## [STORED DATA]
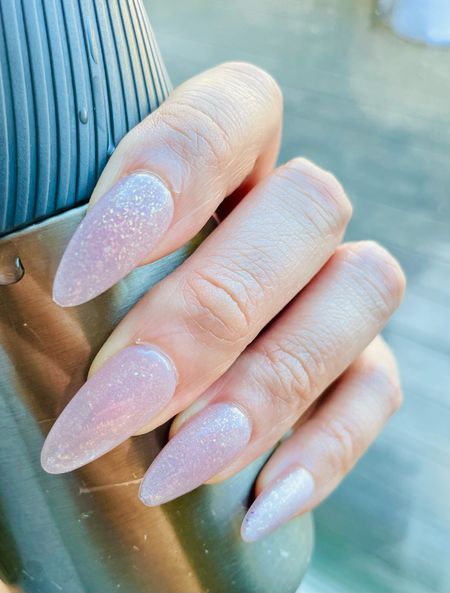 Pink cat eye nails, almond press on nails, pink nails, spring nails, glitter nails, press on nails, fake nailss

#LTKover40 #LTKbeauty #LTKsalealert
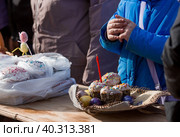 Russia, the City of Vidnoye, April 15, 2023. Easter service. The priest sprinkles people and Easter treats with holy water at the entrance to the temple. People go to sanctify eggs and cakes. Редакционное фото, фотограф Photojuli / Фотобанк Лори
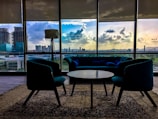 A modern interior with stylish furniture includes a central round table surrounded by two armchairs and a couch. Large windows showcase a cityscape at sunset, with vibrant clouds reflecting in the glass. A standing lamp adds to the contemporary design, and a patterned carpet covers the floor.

## [WHAT NEEDS TO BE DONE]
Apart from the images, print all the material above exactly as given.

## [RESPONSE BELOW]
 Pink cat eye nails, almond press on nails, pink nails, spring nails, glitter nails, press on nails, fake nailss

#LTKover40 #LTKbeauty #LTKsalealert
 Russia, the City of Vidnoye, April 15, 2023. Easter service. The priest sprinkles people and Easter treats with holy water at the entrance to the temple. People go to sanctify eggs and cakes. Редакционное фото, фотограф Photojuli / Фотобанк Лори
 A modern interior with stylish furniture includes a central round table surrounded by two armchairs and a couch. Large windows showcase a cityscape at sunset, with vibrant clouds reflecting in the glass. A standing lamp adds to the contemporary design, and a patterned carpet covers the floor.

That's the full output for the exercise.